Upgrading shale oil

Abstract

Liquid products from retorting oil shale are upgraded to a total liquid suited to pipeline transport and containing increased amounts of the premium products gasoline through distillate fuel by hydrotreating to convert sulfur, oxygen, nitrogen and metal constituents and cascading the hydrotreater effluent through a hydrocracking reactor containing a catalyst which is characterized by a crystalline zeolite having a silica/alumina ratio greater than 12 and a constraint index of 1 to 12, for example zeolite ZSM-5.

Description

FIELD OF THE INVENTION

This invention relates to treatment of "shale oil" derived by retorting of naturally occurring oil shale.

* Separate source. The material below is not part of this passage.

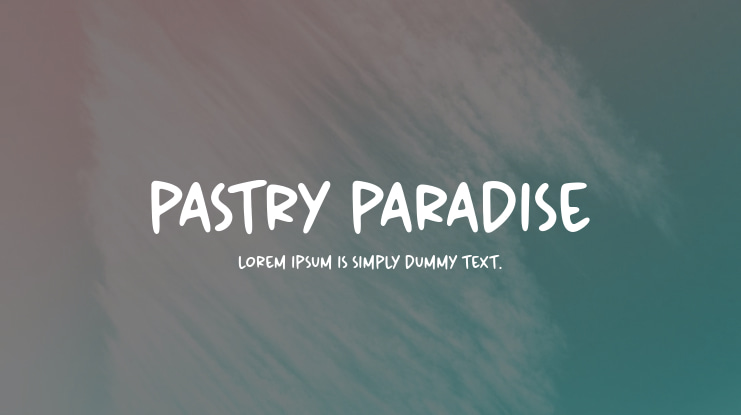 Pastry Paradise Font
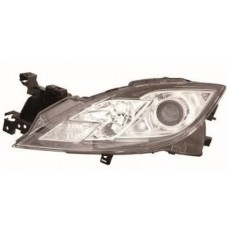 HEADLAMP - CHROME (HALOGEN) (LH)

The invention provides a method for treating shale oil in the vicinity of the retorting step to render the oil suitable for transport by pipeline and concurrently converting a substantial portion of the shale oil to premium grade fuels such as gasoline, kerosene, jet fuel, diesel fuel, distillate fuel oil (No. 2 fuel) and the like.

BACKGROUND OF THE INVENTION

It has long been known that oil may be extracted by heat from various extensive deposits of porous minerals, known by the generic term "oil shale," which are permeated by a complex organic material called "kerogen." Upon application of heat, the kerogen is converted to a complex mixture of hydrocarbons and hydrocarbon derivatives which may be recovered from a retort as a liquid shale oil product.

The shale oil so recovered contains various compounds of oxygen, sulfur, nitrogen and heavy metals combined with the carbon and hydrogen of desired hydrocarbon products. For the most part, the components of shale oil have boiling points in the upper levels of boiling ranges of natural petroleum, say upwards of 50% of the total boiling above about 750° F. Such high boiling fractions are unsuited to use in premium grade fuels. Even after requisite removal of sulfur, nitrogen and metals, these fractions must be processed further or sold as the cheaper grades of heavy fuel such as No. 6, Bunker Oil, etc.

In addition, the shale oil contains a relatively high proportion of straight chain aliphatic compounds of high molecular weight typical of hydrocarbon waxes. These long carbon chain compounds tend to crystallize on cooling of the oil to an extent such that the oil will not flow, hence may not be pumped or transported by pipeline. The temperature at which such mixture will not flow is designated the "pour point," determined by standarized test procedures.

The pour point problem can be overcome by techniques known in the art for removal of waxes or conversion of those compounds to other hydrocarbons which do not crystallize at ambient temperatures. An important method for so converting waxy hydrocarbons is shape selective cracking or hydrocracking utilizing principles described in U.S. Pat. No. 3,140,322 dated July 7, 1964. Zeolitic catalysts for selective conversions of wax described in the literature include such species as mordenite, with or without added metal to function as a hydrogenation catalyst.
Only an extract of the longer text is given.